Il gioco delle parti
The Game of Roles
Luigi Pirandello
(1918)
Plot summery:
Leone & Silia Gala are the antithesis of the happily-married bourgeois couple: Leone is cynically unemotional about his existence, and has seemingly replaced any feeling with philosophical discussions between him and his maidservant, Filippa (nicknamed, not by chance, “Socrates”), and cookery, giving his life meaning in the absence of his wife; Silia has a lover, Guido, but is plagued by the spectre of her husband, who retains his marital right to visit the conjugal home each evening for half-an-hour, even if he does not see his “wife”. Silia is capricious and superficial, and largely ignores the attentions of Guido, who is relatively straightforward in his desire for Signora Gala, and caught in the middle of the couple’s “Cold War”.

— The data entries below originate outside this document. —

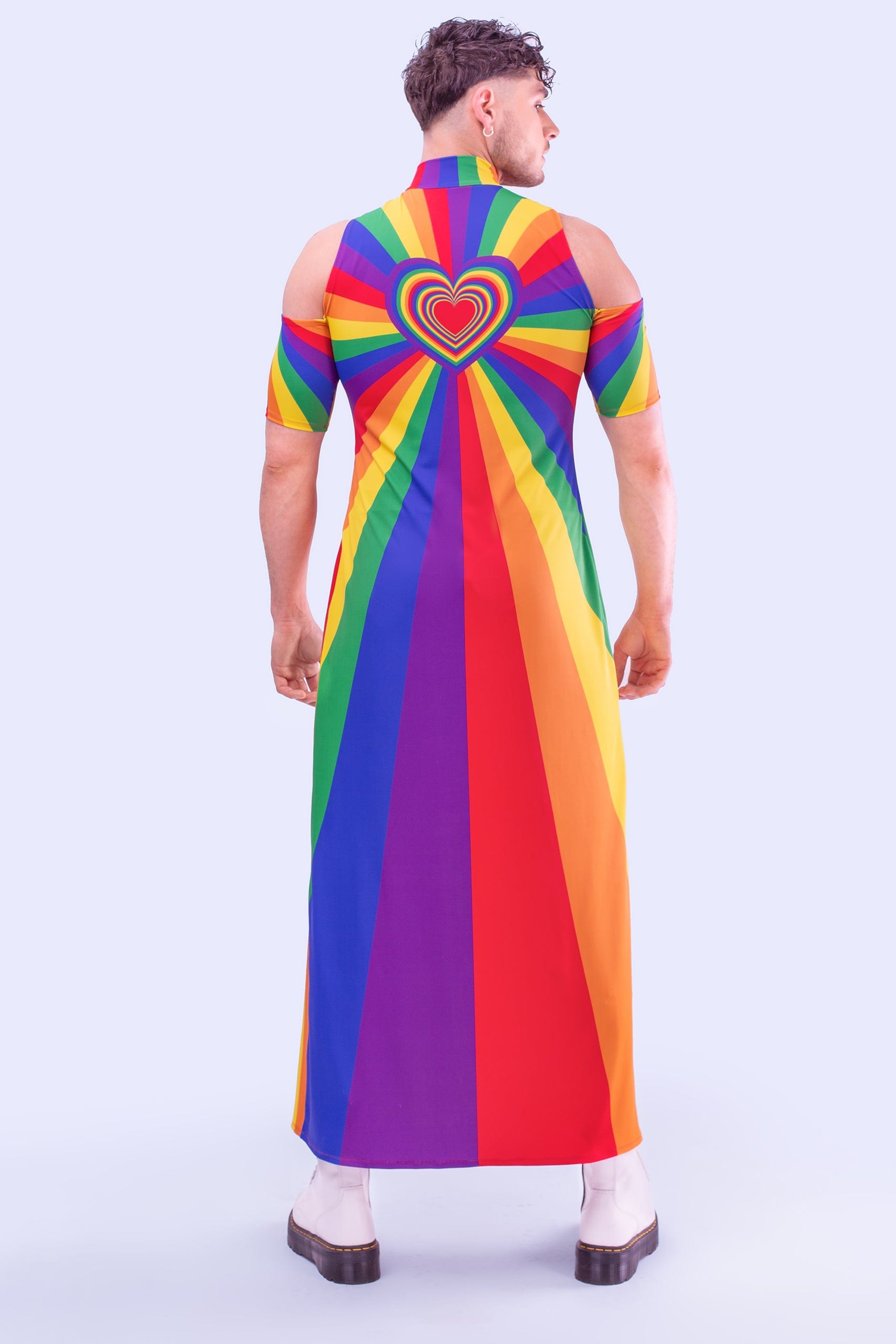 Prism Feel Male Maxi Rave Outfit - BADINKA Prism Feel Male Maxi Rave Outfit - BADINKA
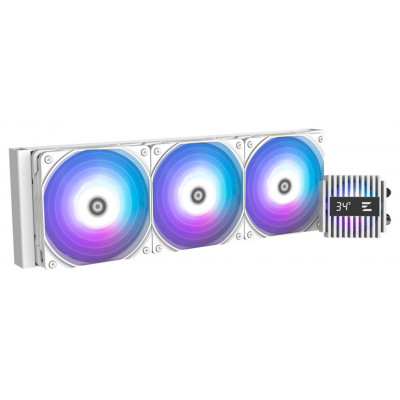 REFRIGERACION LIQUIDA CPU ZALMAN ALPHA2 A36 ARGB 360MM BLANCO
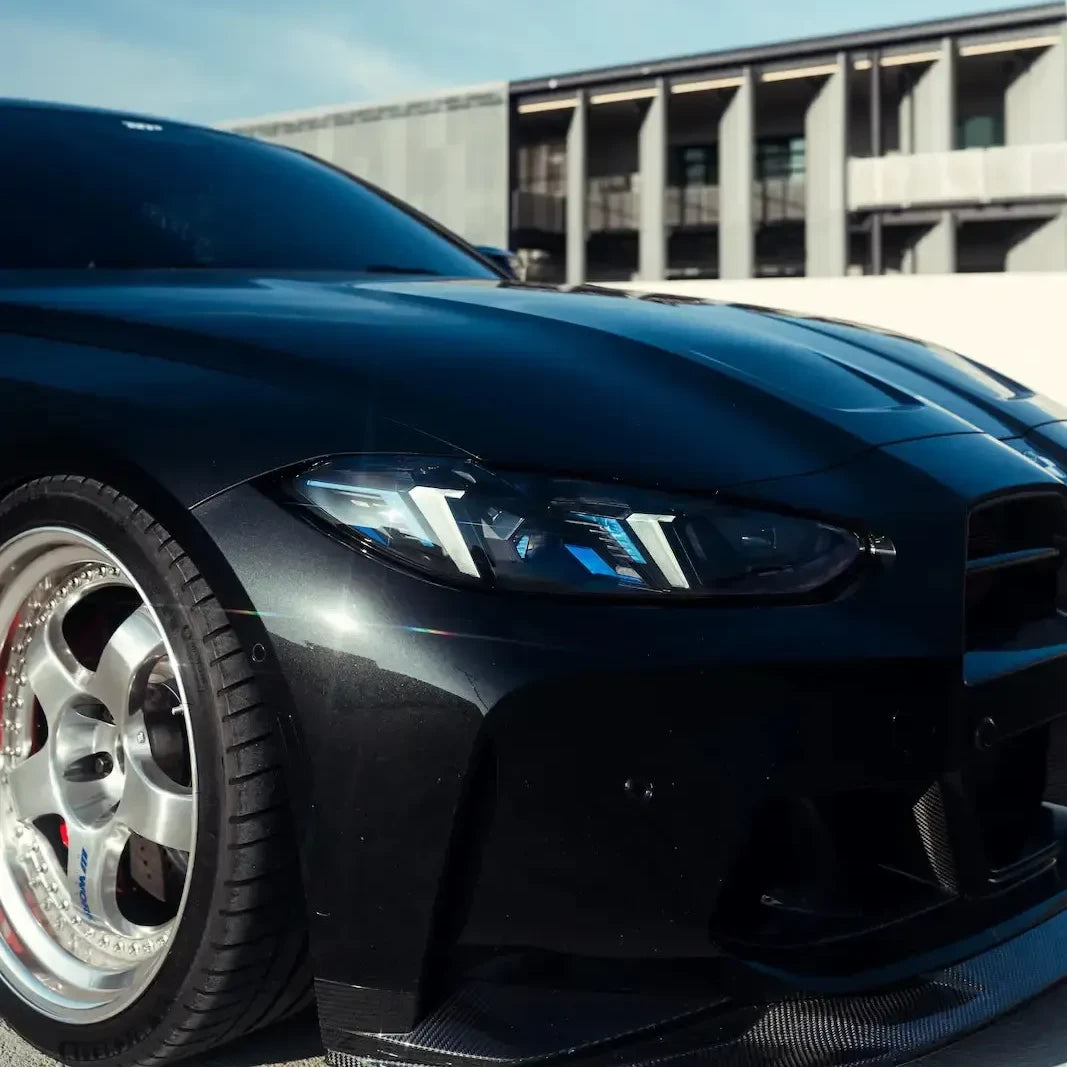 Snake Eye LCI Style LED Headlight with White/Yellow DRL - BMW G80 M3, G82 M4 & G22 4 Series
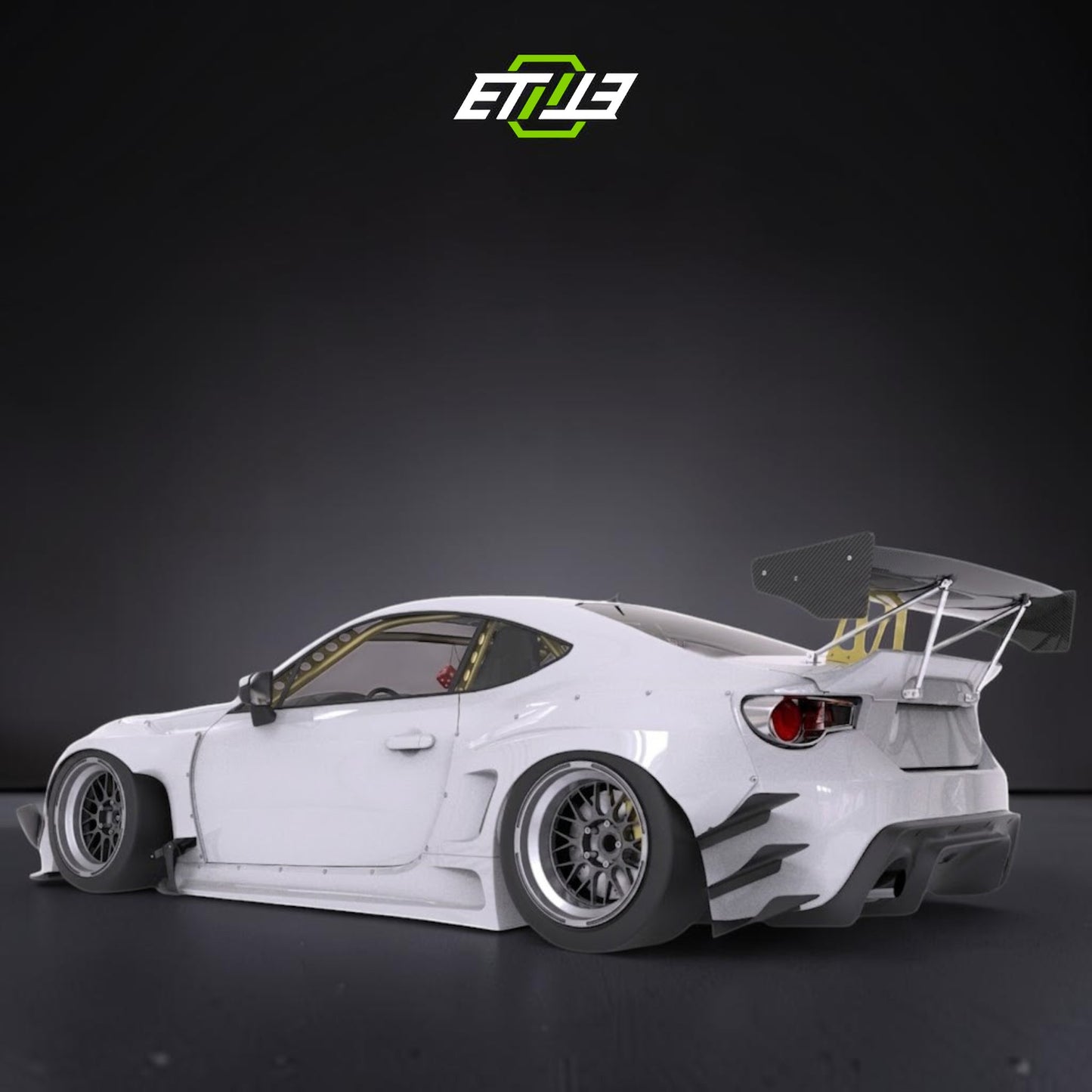 Toyota FT86 Pandem V3 Body Kit | Elite Ti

Silia eventually becomes so exasperated by her husband’s unemotional punctiliousness that she asks Guido to kill him, but the lover refuses. All the same, when the minor marquis Miglioriti stumbles into Signora Gala’s home (believing her to be a Spanish prostitute, Pepita) with three drunks, Silia sees an opportunity to rid herself of Leone: by way of Clara, her maidservant, she calls her neighbours to witness the injustice. Despite the apologies of the intruders, Silia demands a duel between the marquis and her husband, to reclaim her tarnished honour. Leone seemingly agrees, but has actually understood the deeper scheme, and leaves Guido, as Silia’s new “husband” by rights, to fight and be killed. Signor Gala, however, is left regretful in the end (perhaps his only obvious emotional response) because his reason has been trumped by emotion, and his staunch reliance on philosophy has left him with a hollow victory.
(Collected Plays. The Rules of the Game, Each in His Own Way, Grafted, the Other Son, by Luigi Pirandello, transl. by Robert Rietti, 1992).